The end of crawling and privacy
posted by shuri on 2007-05-16 12:29:43
tags: news
Many things are changing, sometimes its hard to notice. Crawling used to be the only way of discovering pages and fetching content. Sitemaps was one of the first ways that this changed. Web sites pushing lists of URLs and notifying search engines that the site was updated. The popularization of RSS feeds also offer a never ending stream of URLs with new content.
An interesting paper in www2007 talks about "Navigation-Aided Retrieval" which augments the retrieval model with the assumption that the user is willing to navigate a bit to find what he wants. Could this mean that a less exhaustive crawl would still be just as good?
Google's Web history is another interesting application that sprung lately. Using the google toolbar and any other method they can use they record the URLs you visit. I do not know if they did this before but they are doing this now. Everybody is talking about the implication for personalization. I am saying another hit for crawling and a bit of a hit for privacy.

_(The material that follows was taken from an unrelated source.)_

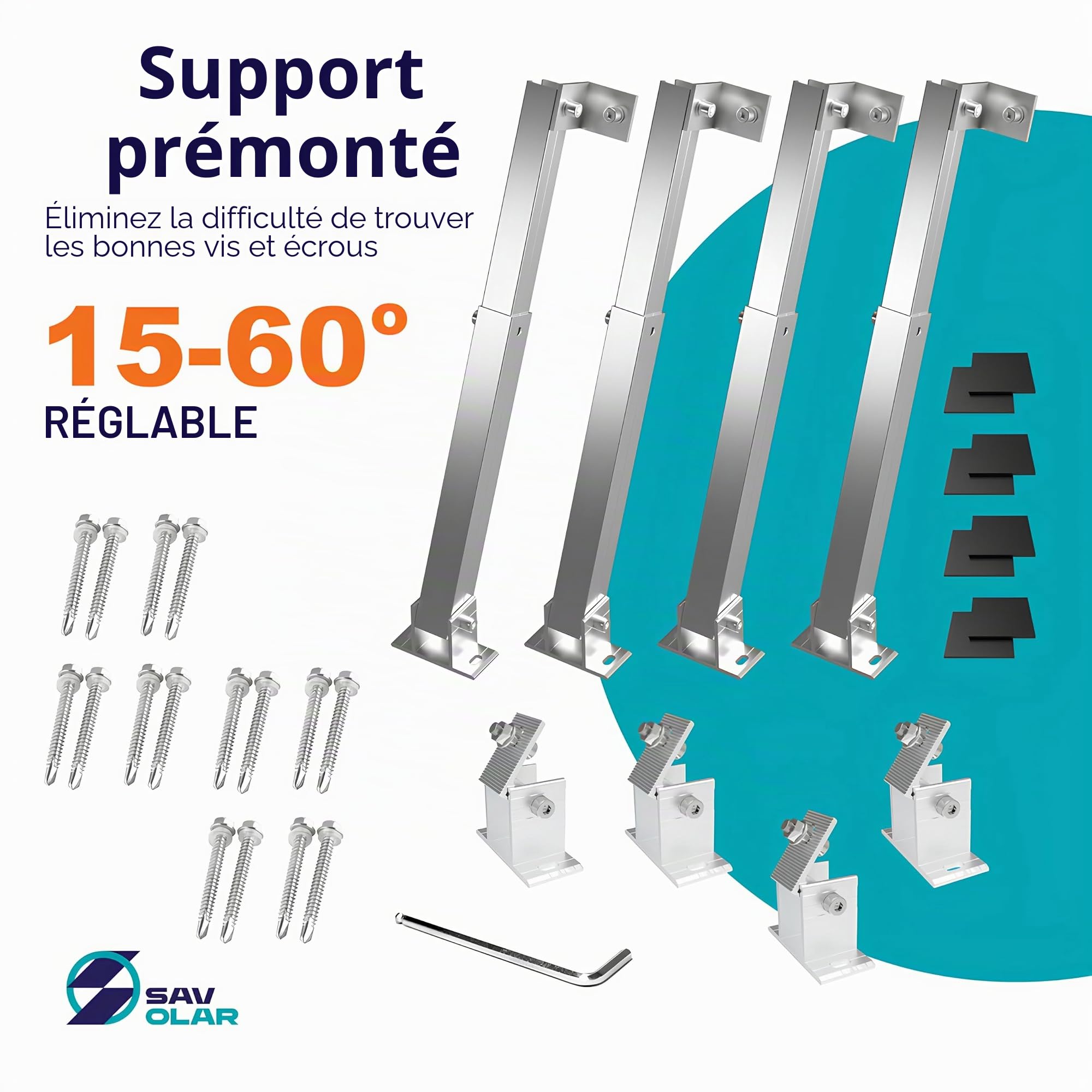 Lot de 2 supports de panneau solaire pour centrale de balcon, toit plat (15-60 °), angle réglable, 50 à 100 cm, support de centrale de balcon, toit plat, toit en tuiles et mur, support de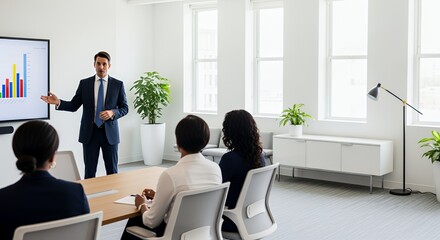 A confident businessman presents a compelling business graph to a focused audience during a productive meeting in a modern .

Regarding privacy and toolbars, Microsoft presented a work in WWW2007 that analyzed password strength. They collected the information for this research using the windows live toolbar. Most of the people that heard the presentation seemed more interested in the use of the private data than in the password strength.
To summarize, there seem to be two loosely related trends, brute force crawling is getting slightly less important than it used to be and you can safely assume that you do not have any privacy.